Tribunais estaduais resistem à valorização do 1º grau, diz Cármen Lúcia
A presidente do Conselho Nacional de Justiça, ministra Cármen Lúcia, entende que “a priorização do primeiro grau é uma das maiores necessidades do Judiciário”.
Em entrevista concedida à Folha na última terça-feira (22), ela foi questionada sobre a reclamação de juízes diante da falta de valorização da primeira instância. Eles protestam porque a democratização nos tribunais estaduais não avançou.
“Tenho me empenhado muito nisso, porque os juízes têm razão”, afirmou Cármen Lúcia. “A massa de processos chega no primeiro grau. Os juízes às vezes não têm servidores, trabalham loucamente, em condições muito precárias. Nós temos que avançar cada vez mais”, afirmou.
A atenção prioritária ao primeiro grau foi instituída em maio de 2014, com a Resolução nº 194, assinada pelo ministro Joaquim Barbosa, então presidente do CNJ.
Segundo a presidente do CNJ, a força de trabalho deveria se voltar ao primeiro grau, mas há resistência dos tribunais.
“Em alguns Estados mais da metade das comarcas estão vagas. Isto é gravíssimo. Uma comarca sem juiz é o Estado sem a autoridade da lei. Temos que diminuir mesmo os juízes auxiliares na segunda instância”, concluiu.
Em setembro de 2013, ao abrir a primeira sessão do novo colegiado, Joaquim Barbosa anunciou a criação de um grupo de trabalho para estudar propostas e iniciativas para implementar uma política nacional de priorização do primeiro grau da Justiça.

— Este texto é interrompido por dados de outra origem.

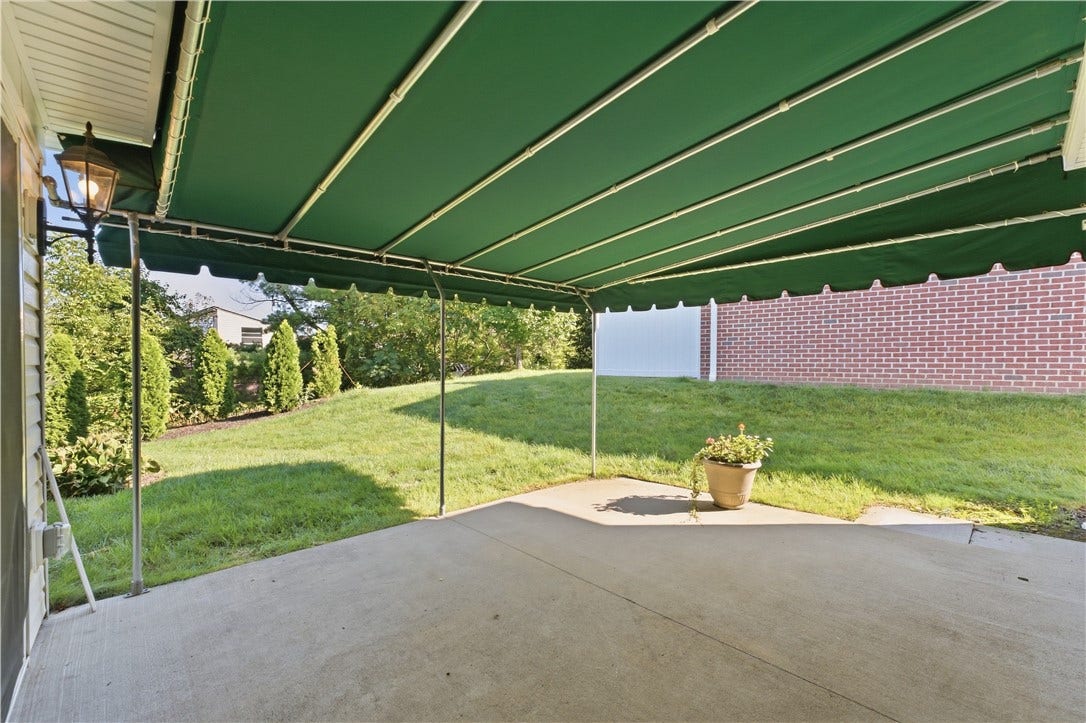 Rear Patio with Awning for Relaxation or Entertaining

Segundo Barbosa, o primeiro grau tem a maior carga de trabalho e a maior taxa de congestionamento de processos, “porém a força de trabalho dos servidores e os recursos disponíveis não se encontram no primeiro grau, e sim no segundo”.

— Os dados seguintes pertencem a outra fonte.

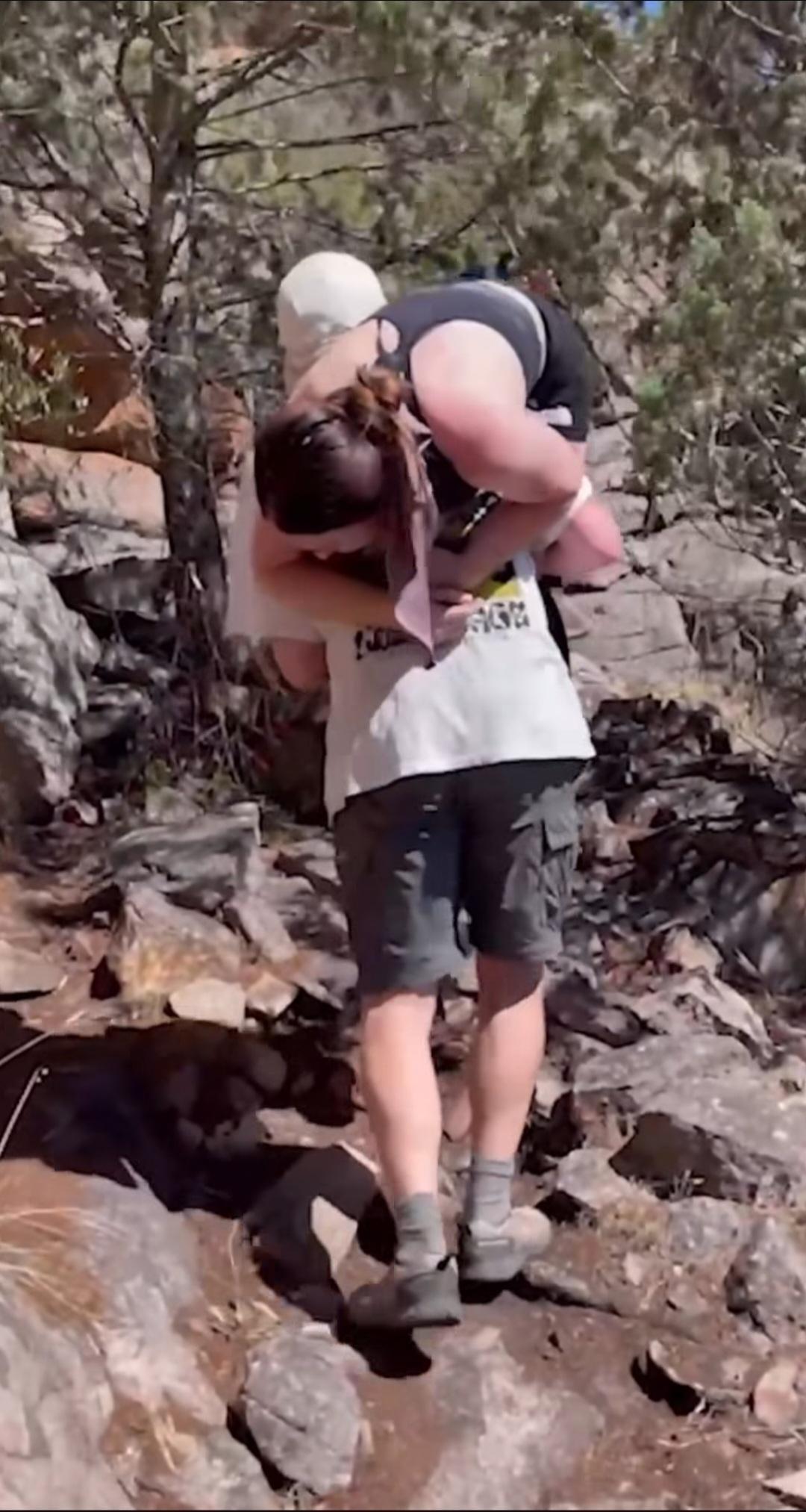 Um homem carrega Sarah Larcombe pelo mato.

Em março de 2016, o CNJ encaminhou aos magistrados de todo o país um questionário com o objetivo de reunir subsídios para acompanhamento e eventual adequação da Política de Atenção Prioritária ao Primeiro Grau de Jurisdição.
Desde então, a única demonstração efetiva de valorização da Justiça de primeiro grau foi a intervenção no Tribunal de Justiça da Bahia –de maio a outubro de 2015– determinada pela então corregedora nacional de Justiça, ministra Nancy Andrighi.
Na ocasião, houve o deslocamento de 264 servidores de gabinetes de desembargadores e das áreas administrativas para prestar serviços nas varas, em Salvador. Essa tropa temporária atuou para reduzir o estoque de processos, suprindo as deficiências da primeira instância.
No último dia 30 de abril, Cármen Lúcia assinou despacho intimando os Tribunais de Justiça do Amazonas e do Acre e o Tribunal Regional Federal da 2ª Região (RJ/ES) a solucionarem pendências em relação à Política Nacional de Atenção Prioritária ao Primeiro Grau de Jurisdição.
Na véspera, ela discutira o assunto em reunião com representantes de associações de magistrados. Algumas associações informaram que estão tendo dificuldades para implementar a medida.
“Por um lado, se entende a dificuldade de baixar o servidor do 2º grau para o 1º grau, porque tem demandas no 2º grau, por outro lado, é preciso reequilibrar a força de trabalho”, disse o presidente da Associação dos Magistrados Brasileiros, Jayme de Oliveira.
Na última sexta-feira, Cármen Lúcia participou em Maceió do 23º Congresso Brasileiros de Magistrados, realizado pela AMB.
“Há muita coisa a ser feita, mas não temos um Judiciário construído, temos um Judiciário permanentemente em construção para atender às demandas da cidadania”, disse na sua exposição.